The Quality Matrix (QMAX) verifies what a number of other analysts and the other numbers suggest--it's a tight, tight race for the 2015 NL Cy Young Award.
For those who've crawled under a rock at any point over the past twenty years, QMAX was the first of the "counterintuitive" performance measures for starting pitchers, utilizing a matrix grid to measure performance quality and then calculating a purely probabilistic performance value, the "QMAX winning percentage" (with the impish acronym of QWP, or "quip" for short).
With several tweaks over the years to better represent total bases allowed per start, QMAX is better than ever and we remain convinced that it provides the most accurate set of measures for starting pitcher performance.
For 2015 in the National League, QMAX shows a close three-way race between
Jake Arrieta of the Cubs (whose revised pitching style strongly reminds us of
Denny McLain), and the right-left combo of the Dodgers,
Zach Greinke and
Clayton Kershaw, who've already collected three CYAs between them.

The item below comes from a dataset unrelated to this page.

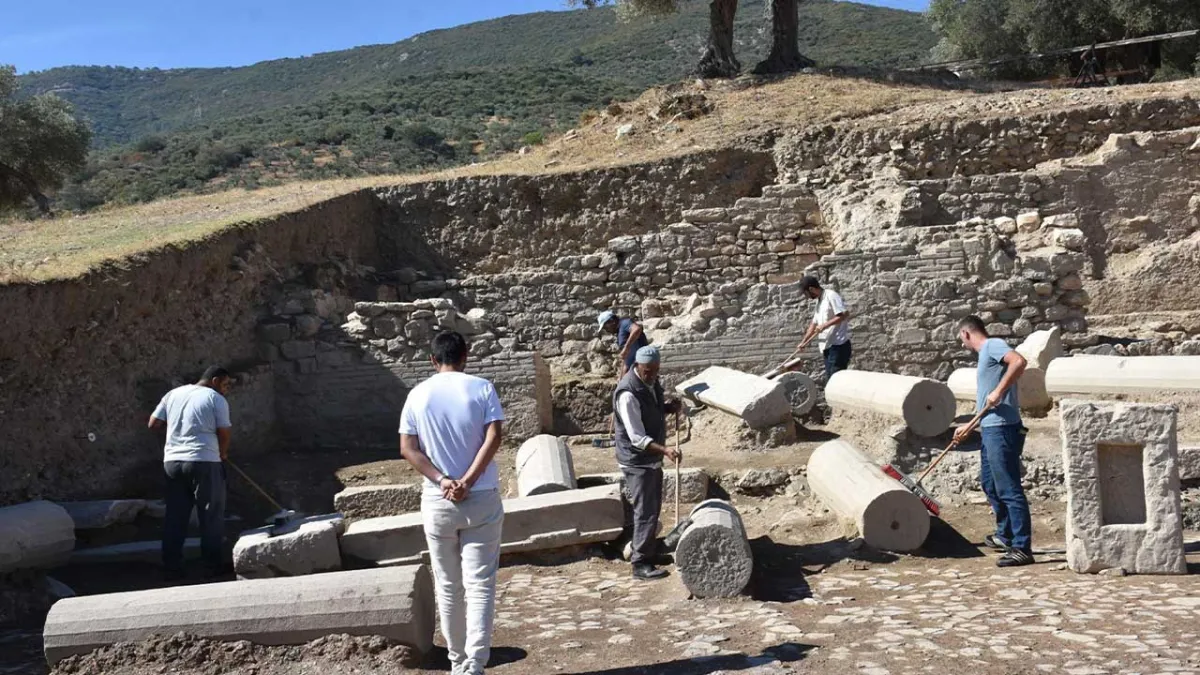 Metropolis Antik Kenti’nde 1800 yıllık ticaret merkezi agora keşfedildi haberinin görseli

The QMAX matrix boxes for the six leading pitchers in the league (in alpha order: Arrieta,
Gerrit Cole of the Pirates,
Jacob DeGrom of the Mets, Greinke, Kershaw, and
Max Scherzer of the Nationals) are displayed on the right.
We see that Arrieta has the most "1S" games (the top row of the matrix box), His second-half performance lifted the Cubs away from the pack and (as we write this a week later than the date on the post--amazing how we do that, ain't it?) into the NLDS with yet another 1,1 game in the wild-card shootout game, where he outpitched the Pirates' Cole.
Greinke did not dominate in "1S" games to the same extent, but he made up for that with a bushel of "2S" games, tighter control (as measured by the "C" axis of the chart--the columns that classify walk prevention) and few "hit hard" games (the bottom two rows which depict what are generally the worst outings of starting pitcher).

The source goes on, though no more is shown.